Besetzung und Gremien

  • Die oder der Vorsitzende wird vom Bundespräsidenten auf Vorschlag der Bundesregierung ernannt.
  • Ständige Beisitzende werden auf Vorschlag der Länder bestellt.
  • Nichtständige Beisitzende werden von anerkannten freien Trägern der Jugendhilfe, den Kirchen, der Bundesärztekammer sowie weiteren gesellschaftlichen Gruppen vorgeschlagen.
  • Die Zusammensetzung ist pluralistisch ausgerichtet, um objektive und vielfältige Bewertungen sicherzustellen.
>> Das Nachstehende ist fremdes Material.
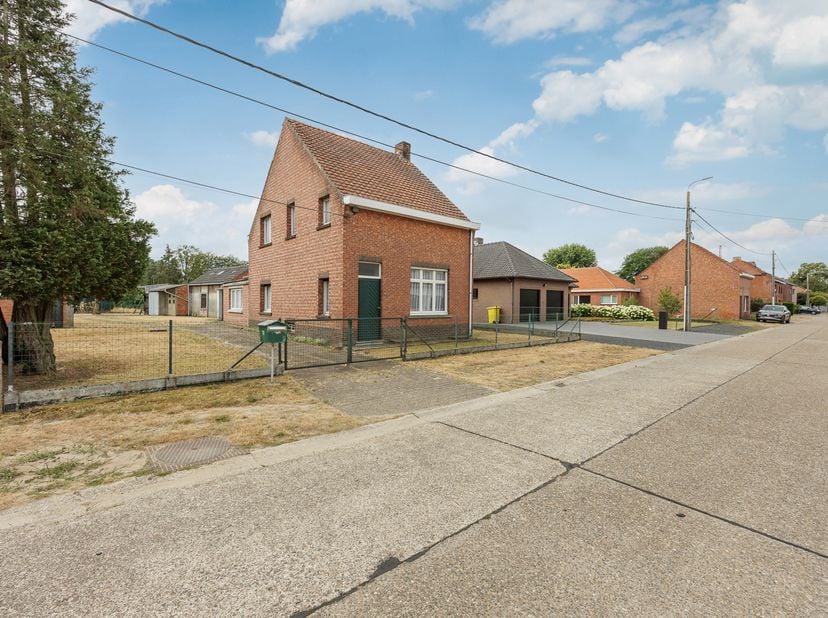 Te renoveren woning op gunstige ligging op mooi perceel van 1.519 m² (Zuid)<br />
Zeer gunstig gelegen woning/perceel in een rustige straat, in de nab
Aufgaben und Zuständigkeiten

Hauptaufgabe: Indizierung jugendgefährdender Medien

Zentrale Aufgabe der Bundesprüfstelle ist die Prüfung und Indizierung von Medieninhalten, die geeignet sind, die Entwicklung von Kindern oder Jugendlichen zu beeinträchtigen (§ 18 JuSchG). Ziel ist es, diese Medien vor der Verbreitung an Minderjährige besonders zu schützen.

Arten von Medien

Zur Bewertung durch die Bundesprüfstelle zählen:

  • Printmedien (Bücher, Zeitschriften, Comics)
  • Bild- und Tonträger (CDs, DVDs, Blu-rays)
  • Computer- und Videospiele
  • Internetinhalte (Webseiten, Streaming-Angebote)

Schutzgüter

Hauptsächlich werden Inhalte geprüft, die geeignet sind

  • zum Rassenhass anzuregen
  • Gewalt zu verherrlichen oder zu verharmlosen
  • Kinder oder Jugendliche sittlich zu gefährden (z.B. durch Pornografie)
  • zu Straftaten anzuleiten

Verfahren der Indizierung

Antragsberechtigung

Ein Indizierungsverfahren kann von verschiedenen Seite angeregt werden, unter anderem von

  • Landesjugendbehörden
  • anerkannten Trägern der freien Jugendhilfe
  • der Bundeszentrale für Kinder- und Jugendmedienschutz
  • von einzelnen Bundesministerien

Prüfungsverfahren

Das Verfahren gliedert sich in mehrere Schritte:

  1. Einleitung des Prüfungsverfahrens – nach Antragstellung prüft die Bundesprüfstelle, ob ein Verfahren eröffnet wird.
  2. Anhörung der Beteiligten – insbesondere werden die Anbieter und ggf. Urheber des Mediums angehört.
  3. Entscheidung durch den Spruchausschuss – ein Gremium der BPjM entscheidet über die Aufnahme in die Liste jugendgefährdender Medien.
  4. Begründung und Veröffentlichung – Die Entscheidung wird den Beteiligten zugestellt und in der Liste der jugendgefährdenden Medien veröffentlicht.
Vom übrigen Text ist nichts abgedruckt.